Imagine a position where you have a mate in one. In addition, you also have a different move that gives black only one possible move that is also a mate in one. So, functionally, you have the option to play a mate in one or a mate in two. Extend this idea so you have a sequence of forcing moves that allows you to play a mate in one, mate in two, mate in three, and so on, all the way to mate in n. What is the largest value of n? For example, in the position below, White has a sequence of forcing moves that allow a mate in one, two, three, four, and five. Note that every move Black has in all variations is forced.

[FEN "6k1/8/8/4BQNB/8/8/8/6K1 w - - 0 50"]

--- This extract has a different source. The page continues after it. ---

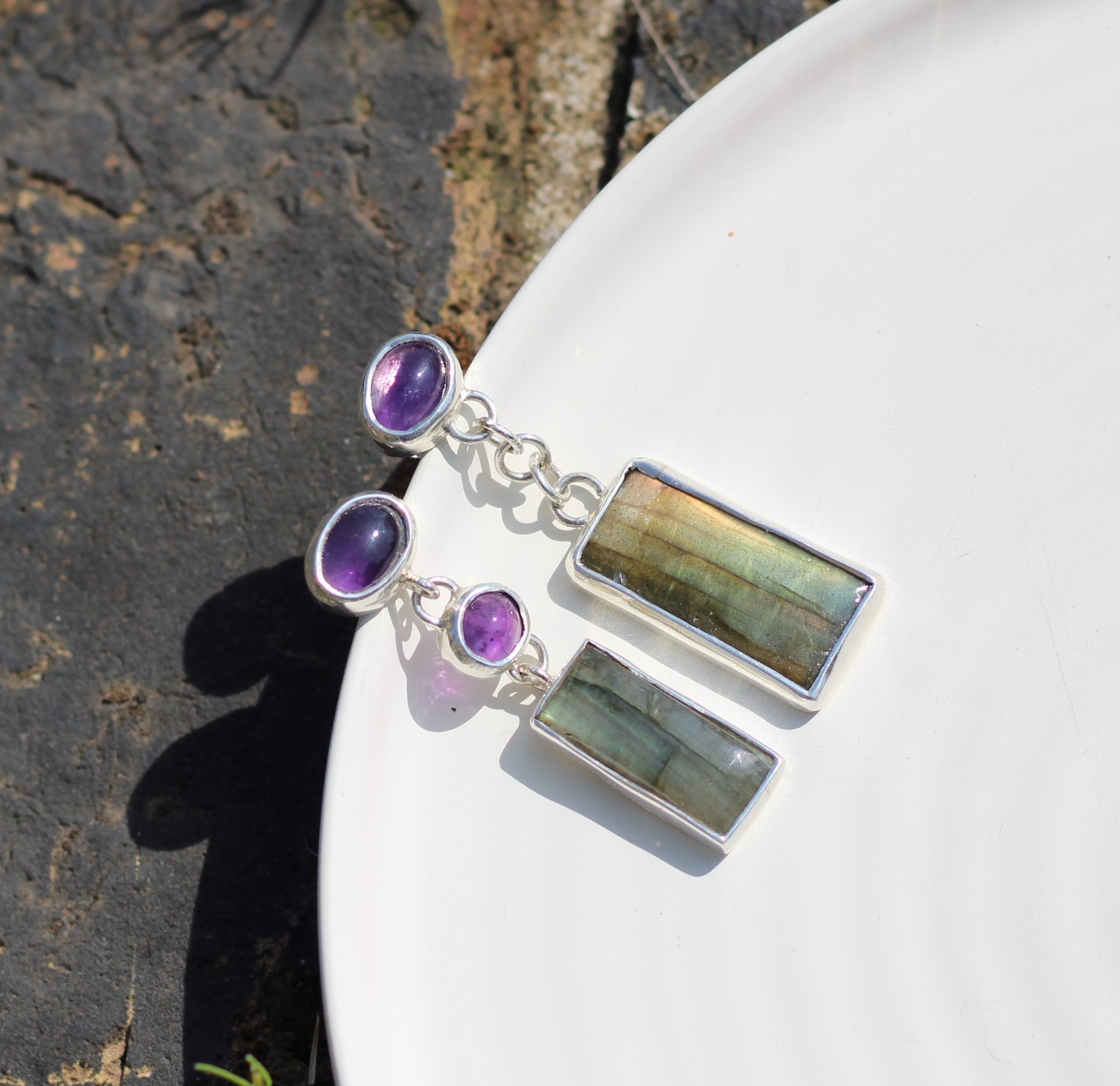 Sthiti Mismatched Amethyst & Labradorite Drop Earrings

1. Qf7# (1. Qh7+ Kf8 2. Qf7#) (1. Bf7+ Kf8 2. Qc8+ Ke7 3. Qe8#) (1. Bf7+ Kf8 2. Bd6+ Kg7 3. Qe5+ Kh6 4. Bf8#) (1. Bf7+ Kf8 2. Bd6+ Kg7 3. Qe5+ Kh6 4. Qd4 Kxg5 5. Qf4#)

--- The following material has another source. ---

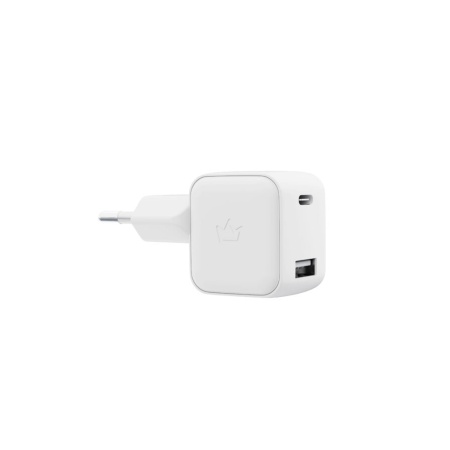 Сетевое зарядное устройство VLP G-Charge 20Вт, USB-C+USB-A, PD, QC. Цвет: белый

For this position, there is a potential mate in six - 1. Bf7+ Kf8 2. Bd6+ Kg7 3.Qe5+ Kh6 4. Qd4 Nxg5 5. Qg7+ Kf5 6. Qg6# - but I am not counting this because the move 5... Kf5 is not, under this definition, forced. Black can also play 5... Kh5. To the best of my knowledge, there is not a series of forcing moves which allows for a mate in exactly six.

Of course, this position is not the end-all-be-all. I only created it for illustrative purposes. A position with mate in one through mate in fifty may exist, for all I know. Has anyone here heard of a similar problem before? If so, do you have any leads, or better yet, any ideas of your own?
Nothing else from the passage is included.